La ricerca attuale, invece, confronta una popolazione statunitense con una europea e sostiene che alcune variabili di maggiore gravità del disturbo sono più frequenti oltreoceano: concomitanza con disturbi d’ansia e da abuso di alcol o droghe; traumi fisici o sessuali giovanili; maggiore probabilità

di disturbi dell’umore nella famiglia, più episodi di malattia, una più giovane età di inizio e, infine, una più difficile risposta ai trattamenti. Soltanto l’inabilità al lavoro era più presente in Europa, forse influenzata dalla minore mobilità occupazionale nel vecchio continente. Inoltre, dalle nostre parti i sali di litio per stabilizzare l’umore si userebbero di più e con un beneficio maggiore che al di là dell’Atlantico, mentre accade il contrario per gli altri stabilizzanti dell’umore,‘avidamente’ sostenuti dalle case farmaceutiche. Ugualmente più usati in USA sono alcuni farmaci sedativi (antipsicotici di seconda generazione) molto più costosi di quelli tradizionali (vale lo stesso commento precedente sull’interesse delle multinazionali farmaceutiche).
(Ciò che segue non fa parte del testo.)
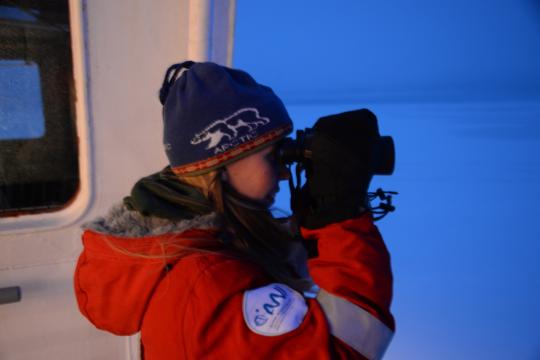 Katy Gavenus looks through binoculars at sea ice from the deck of the Akademic Federov icebreaker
Gli autori concludono che le differenze, come si diceva, possono essere spiegate pensando che gli emigrati nel nuovo mondo abbiano portato con sé (nel loro DNA) una maggiore tendenza al rischio, alla competizione e alla ricerca di novità (tratti tradizionalmente attribuiti ai nostri cugini nordamericani ma anche comuni nei disturbi bipolari), tutte caratteristiche che in forma non patologica aiutano verso il successo, ma che se troppo presenti in una popolazione favoriscono un’espressione più significativa (patologica) nelle generazioni successive.

A tutto questo dovrebbe essere aggiunto (gli autori ne fanno accenno) che l’accesso alle cure è molto più problematico negli Stati Uniti dove circa il 15% della popolazione non ha un’assicurazione per malattia e ripetuti episodi psichiatrici fanno rischiare di perdere quella che si ha. Un problema che Obama ha cercato di risolvere ma che si scontra con lo sfrenato individualismo nordamericano, forse anche quello sostenuto da qualche gene ‘bipolare’di fondo.